# To do
For this exercise, copy exactly the lines below from the one with "2715 Poppy Ct Buford, GA 30519 - Thumbnail 3" through the one with "DATA: 11.05.2018" and leave out the pictures.

# Exercise inputs
______
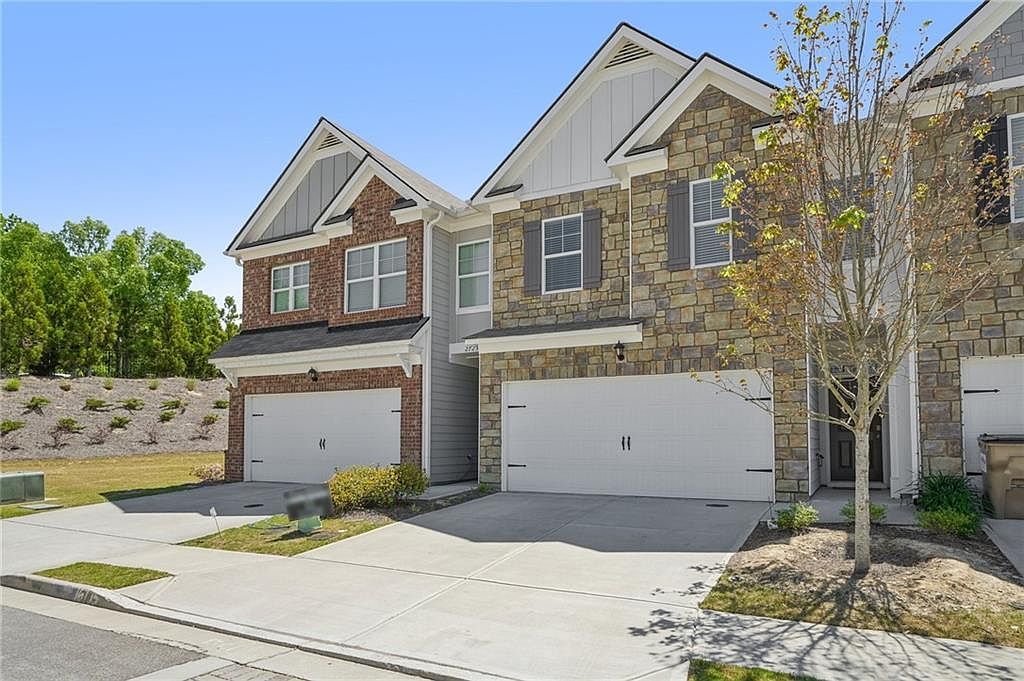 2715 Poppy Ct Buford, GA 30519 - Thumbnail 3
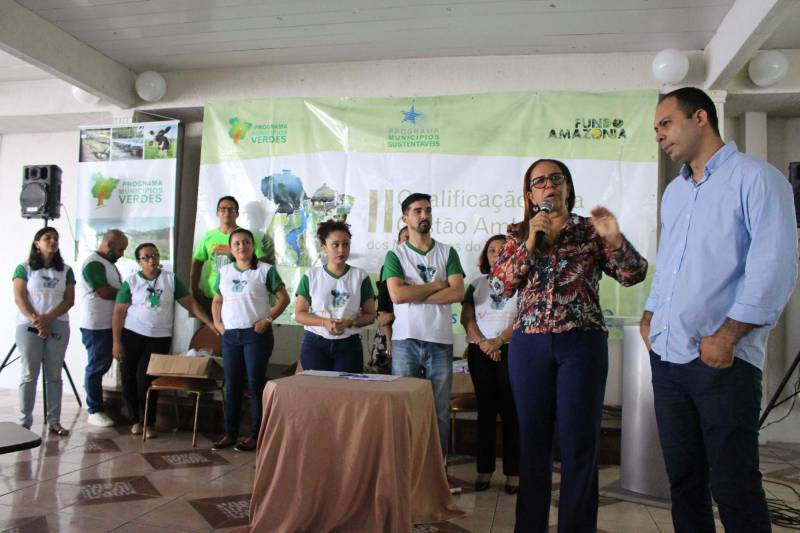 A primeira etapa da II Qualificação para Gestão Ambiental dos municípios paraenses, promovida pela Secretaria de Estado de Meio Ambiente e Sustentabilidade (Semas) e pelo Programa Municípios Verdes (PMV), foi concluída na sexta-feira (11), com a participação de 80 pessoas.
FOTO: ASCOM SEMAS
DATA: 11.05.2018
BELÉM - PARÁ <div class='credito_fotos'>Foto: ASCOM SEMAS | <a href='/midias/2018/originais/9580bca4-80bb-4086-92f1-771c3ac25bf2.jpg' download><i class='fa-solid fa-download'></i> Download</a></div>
______
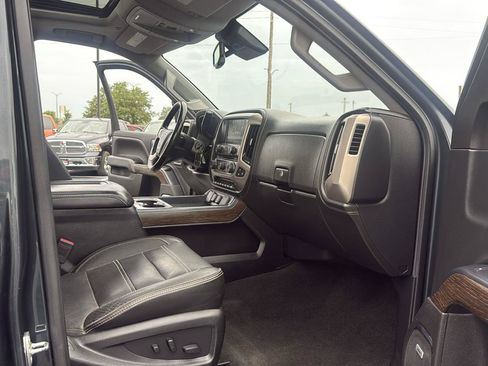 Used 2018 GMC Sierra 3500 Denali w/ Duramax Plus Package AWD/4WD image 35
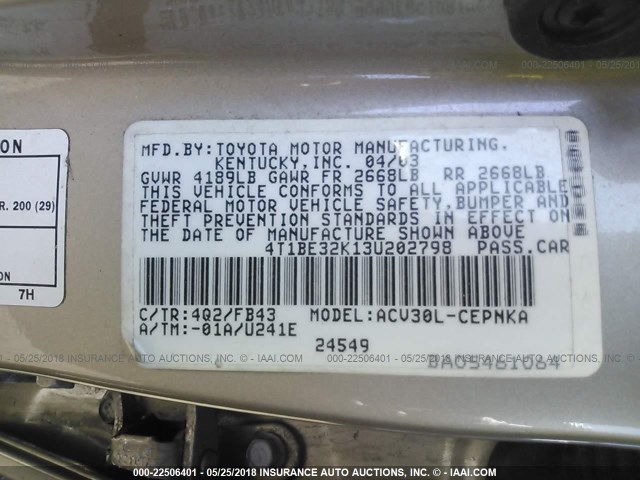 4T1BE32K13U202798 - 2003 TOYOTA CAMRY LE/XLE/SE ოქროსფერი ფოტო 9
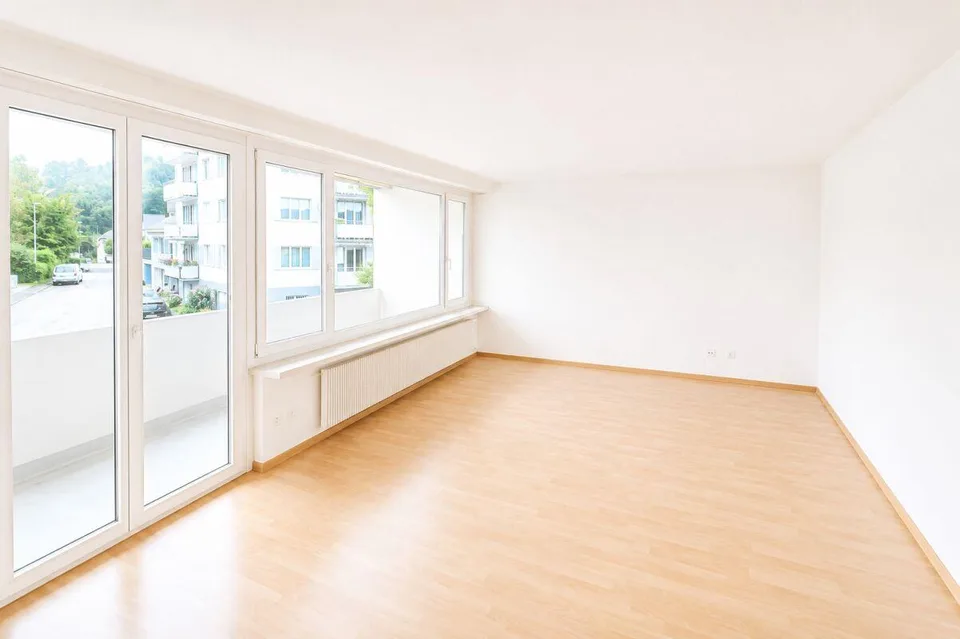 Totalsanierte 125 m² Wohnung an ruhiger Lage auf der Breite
______
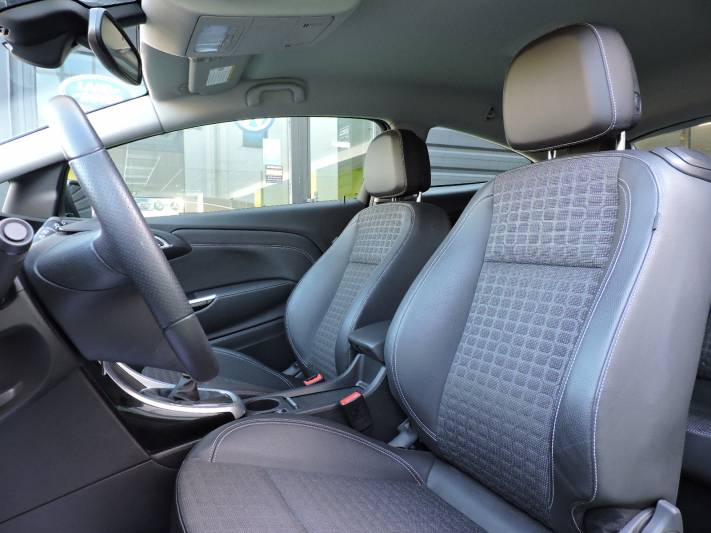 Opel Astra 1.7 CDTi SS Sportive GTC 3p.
______
# Solution to the problem
 2715 Poppy Ct Buford, GA 30519 - Thumbnail 3
 A primeira etapa da II Qualificação para Gestão Ambiental dos municípios paraenses, promovida pela Secretaria de Estado de Meio Ambiente e Sustentabilidade (Semas) e pelo Programa Municípios Verdes (PMV), foi concluída na sexta-feira (11), com a participação de 80 pessoas.
FOTO: ASCOM SEMAS
DATA: 11.05.2018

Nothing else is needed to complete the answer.